Ovvero quando "la politica di pace" consisterebbe nel votare a favore della guerra

(4 Agosto 2006)

Ho votato sì al rifinanziamento della missione afgana. Non intendo difendermi né scusarmi, ho deciso in piena libertà, né avrei potuto farlo in altra forma. Non giudico chi ha deciso in altro modo o con altra procedura, mi limito a riscrivere quello che ho detto nella mia dichiarazione di voto al Senato qualche giorno fa. Credo che valga anche per quanto di atroce sta accadendo in Medio Oriente.

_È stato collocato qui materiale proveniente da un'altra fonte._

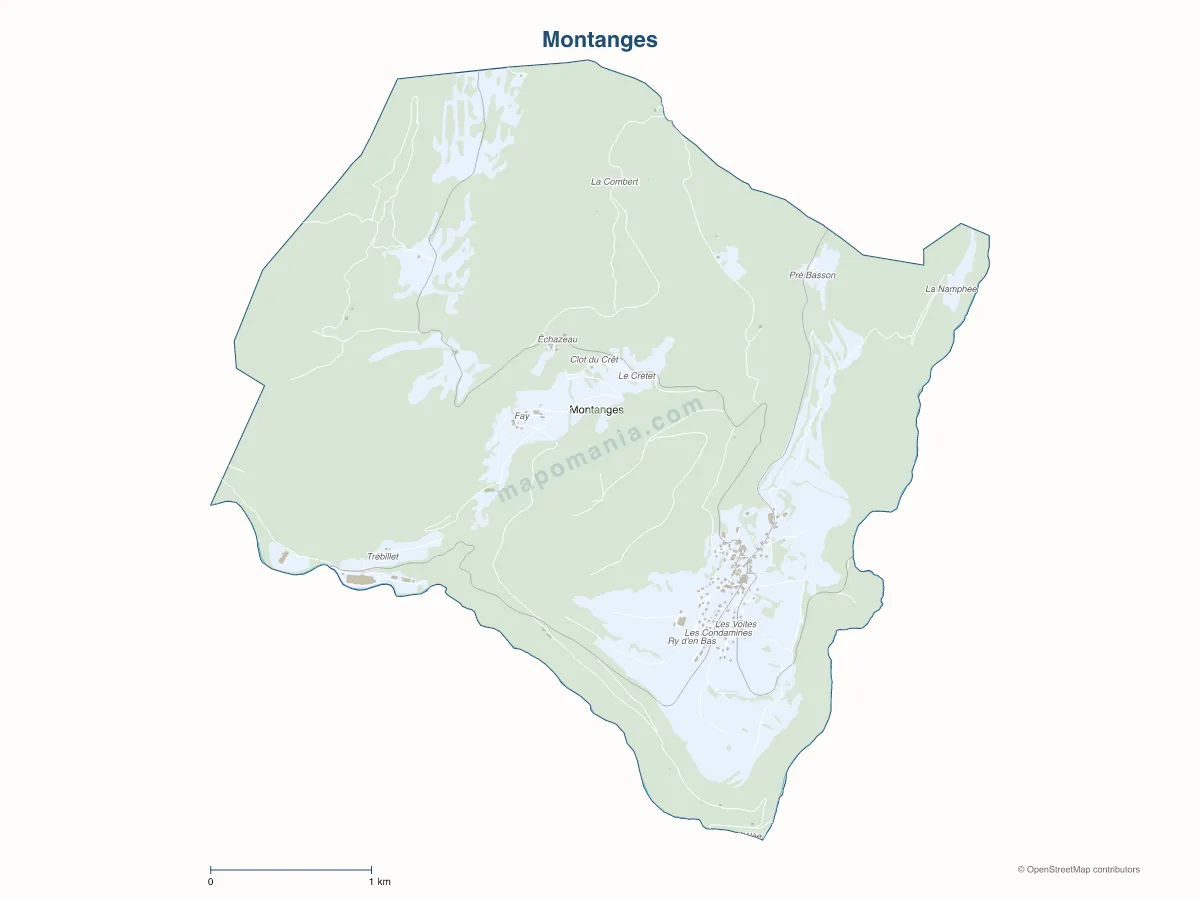 Carte de Montanges à personnaliser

Premetto che a me era già capitato di trovarmi in grande dissenso con ciò che era stato proposto dal governo per l’appunto sulle dichiarazioni iniziali, quelle sulle quali la fiducia è d’obbligo: la proposta di Prodi e poi la formazione invece del governo con poche donne e quasi tutte senza portafoglio. Abbiamo fatto subito assemblee a Milano, Roma e Napoli: a Roma ero presente e avevo dichiarato che avendo chiesto di poter intervenire nel dibattito generale avrei «parlato contro, ma votato a favore». Perché nell’accettare la candidatura mi ero impegnata a cacciare Berlusconi e a impedirne il ritorno e ciò si faceva con una coalizione composita nella quale la sinistra era ed è minoranza. Ho chiesto a compagni che stanno nelle varie commissioni di presentare in seguito proteste-proposte sul tema della rappresentanza delle donne: non so se l’abbiano mai fatto, su questi argomenti il silenzio è generale dato che il patriarcato è anche e solidamente a sinistra.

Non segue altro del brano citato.